→ Work request
Exact retyping of the data: please keep every word and drop each picture.

→ Source records
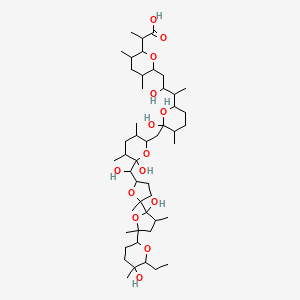 molecular formula C48H84O14 B12093378 2-[6-[3-[6-[[6-[[5-[5-(6-ethyl-5-hydroxy-5-methyloxan-2-yl)-2-hydroxy-3,5-dimethyloxolan-2-yl]-5-methyloxolan-2-yl]-hydroxymethyl]-6-hydroxy-3,5-dimethyloxan-2-yl]methyl]-6-hydroxy-5-methyloxan-2-yl]-2-hydroxybutyl]-3,5-dimethyloxan-2-yl]propanoic acid 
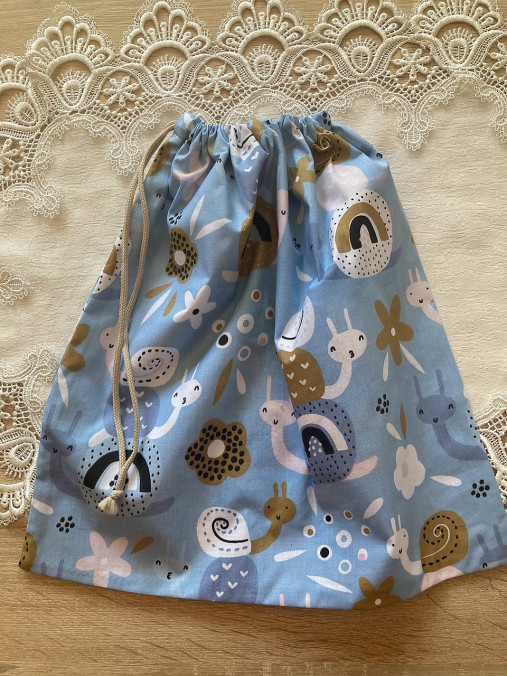 Úžitkový textil - Vrecko do školy, škôlky - slimáčik - 17714317_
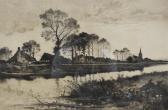 Chauvel Thomas,river landscape,1884,Gilding's GB 2017-09-27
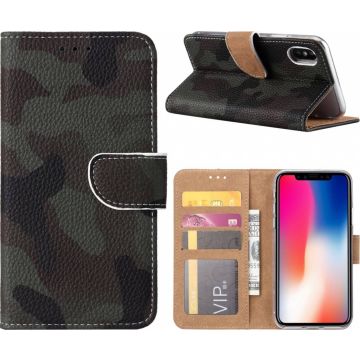 iPhone X / Xs Donkere Camouflage Design Booktype Kunstleer Hoesje Met Pasjesruimte
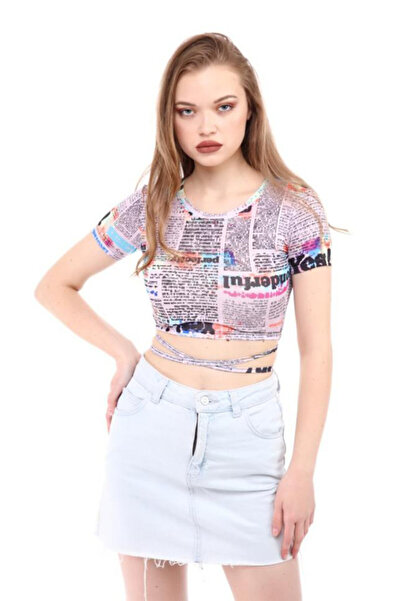 FashionForYou Top scurt Lindy, cu spate gol si snur, Letter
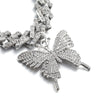 Big Butterfly Necklace Pendent Cuban Link Chain For Women Rhinestone Choker Jewelry  Accessories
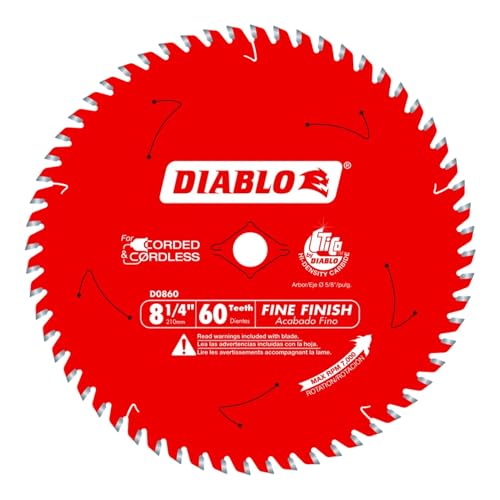 Diablo Fine Finish Saw Blade - 8-1/4 in Diameter, 60 ATB Teeth - size: 8-1/2" Dia x 60T x 5/8" Arbor, style: Fine Finish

→ The answer
 molecular formula C48H84O14 B12093378 2-[6-[3-[6-[[6-[[5-[5-(6-ethyl-5-hydroxy-5-methyloxan-2-yl)-2-hydroxy-3,5-dimethyloxolan-2-yl]-5-methyloxolan-2-yl]-hydroxymethyl]-6-hydroxy-3,5-dimethyloxan-2-yl]methyl]-6-hydroxy-5-methyloxan-2-yl]-2-hydroxybutyl]-3,5-dimethyloxan-2-yl]propanoic acid 
 Úžitkový textil - Vrecko do školy, škôlky - slimáčik - 17714317_
 Chauvel Thomas,river landscape,1884,Gilding's GB 2017-09-27
 iPhone X / Xs Donkere Camouflage Design Booktype Kunstleer Hoesje Met Pasjesruimte
 FashionForYou Top scurt Lindy, cu spate gol si snur, Letter
 Big Butterfly Necklace Pendent Cuban Link Chain For Women Rhinestone Choker Jewelry  Accessories
 Diablo Fine Finish Saw Blade - 8-1/4 in Diameter, 60 ATB Teeth - size: 8-1/2" Dia x 60T x 5/8" Arbor, style: Fine Finish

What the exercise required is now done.